К нам пришли папины младшие братья и сестры и мамина семья в полном составе. Пришли старые школьные друзья и соседи, друзья из Принстона, друзья из Уитни Янг. Миссис Смит, жена заместителя моего директора средней школы, все еще жила через дорогу от нас на Эвклид-авеню и помогла организовать свадьбу, а наши соседи мистер и миссис Томпсон играли в тот день с джаз-бандом на нашем приеме. Сантита Джексон в черном платье с глубоким вырезом стала моей подружкой невесты. Мы пригласили старых коллег из «Сидли» и новых коллег из мэрии, а также юристов из фирмы Барака и его старых друзей-организаторов.
Банда шумных гавайских одноклассников Барака весело смешалась с горсткой его кенийских родственников в ярких восточноафриканских головных уборах. К сожалению, мы потеряли дедушку Барака прошлой зимой из-за рака, но его мама и бабушка приехали в Чикаго, так же как Аума и Майя, его сводные сестры с разных континентов, объединенные любовью к брату. Наши две семьи впервые встретились, и это было замечательно.
Нас окружала любовь – эклектичная, многокультурная любовь семьи Обама и глубокая, якорная любовь Робинсонов из Саутсайда. Все они оказались переплетены друг с другом, от скамьи к скамье, внутри одной церкви. Я крепко держала Крейга за локоть, пока он вел меня по проходу. Как только мы подошли к алтарю, я поймала мамин взгляд. Она величественно сидела в первом ряду в черно-белом платье с блестками, которое мы выбирали вместе, с поднятым подбородком и взглядом, преисполненным гордости. Мы по-прежнему каждый день тосковали по отцу, но, как он и хотел, продолжали жить дальше.

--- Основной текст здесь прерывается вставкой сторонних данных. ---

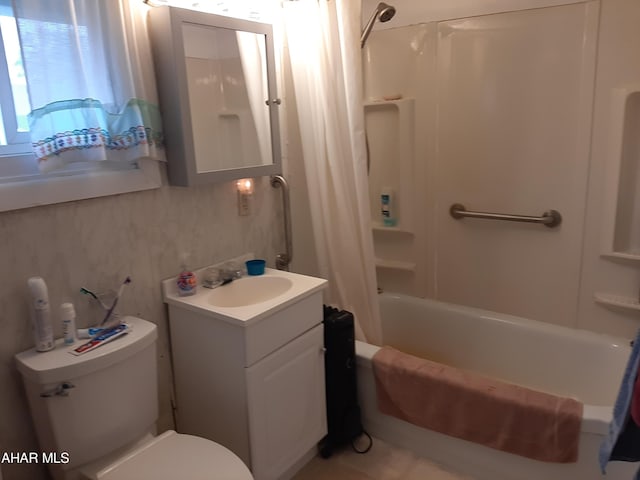 full bathroom featuring vanity, toilet, and shower / tub combo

Утром Барак проснулся с ужасной простудой, но она чудесным образом прошла, стоило ему пойти в церковь. Теперь он с сияющими глазами улыбался мне со своего места у алтаря, одетый во взятый напрокат смокинг и начищенные туфли. Брак все еще оставался для него гораздо более таинственным делом, чем для меня, но все четырнадцать месяцев, прошедшие с помолвки, он был полностью вовлечен в приготовления. Мы тщательно выбирали день. Барак, первоначально заявивший, что не заинтересован в свадебных мелочах, закончил тем, что любовно, напористо – и предсказуемо – вставил свое мнение везде, от цветочных композиций до канапе, которые будут подавать в Культурном центре Южного берега на приеме через час или около того. Мы выбрали свадебную песню, которую Сантита теперь пела своим потрясающим голосом под аккомпанемент пианиста.